A career in FASHION?
Andrea Ang (The Philippine Star) - September 12, 2014 - 12:00am

MANILA, Philippines - It’s 2014. A career in fashion is real, actual work, and not just a hobby that your parents think you’ll outgrow in a few years. There are legitimate job titles to be earned, real influence to be wielded, actual money to be made. However, it’s not as straightforward, as getting a degree, doing the interview process push-and-pull, and then parking yourself behind a desk from 9 a.m. to p.m. everyday—fashion is a billion dollar industry, and there are doors to it everywhere you turn. Here, five people share how they pushed those doors wide open and made a career out of something they love.



Fashion Director, Preview

The job. “Actually, I wanted to work for Vogue Australia. I wanted to move to Australia but I didn’t have a strong portfolio so I said I should work and improve my portfolio before moving. So if I should learn, I should learn from the best. That’s why I wanted to work under Liz Uy. So that’s why I applied to Preview.”

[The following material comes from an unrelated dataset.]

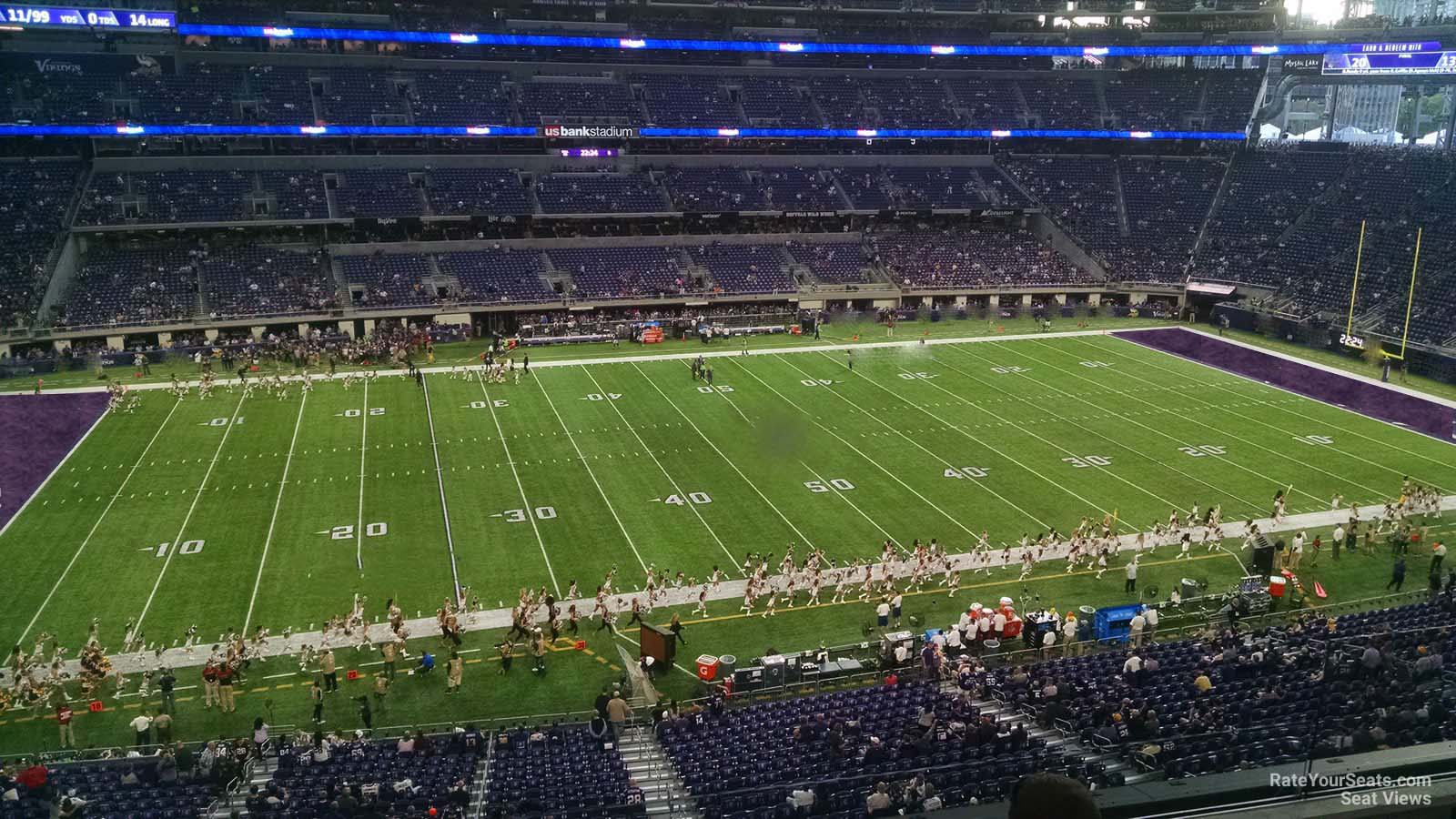 club c5, row 4 seat view  for football - u.s. bank stadium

The application process. “I remember Myrza Sison, when she interviewed me for the job, asked ‘What are you going to bring into the magazine?’ And during that time, Liz (Uy) was still there. And I said, ‘Oh, I’m sure I’m going to bring in my personality’ because Liz is feminine while I’m the complete opposite. I’m the rock ‘n’ roll chick, I’m like the person that will bring a bit of grit to the glam of Preview.”

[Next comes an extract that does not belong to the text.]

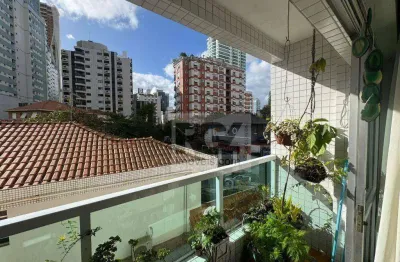 Apartamento com 2 dormitórios para alugar, 145 m² por r$ 4.500/mês - ponta da praia - santos/sp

Editor vs stylist. “A stylist works physically with clothes and how it will look worn, basically creating ‘a look.’ This may or may not include hair, makeup and accessories. A fashion editor edits the fashion pages of the magazine and produces stories through writing and shooting fashion material, i.e. product picks, fashion editorials. A fashion editor can also be a stylist but a stylist cannot necessarily be a fashion editor.”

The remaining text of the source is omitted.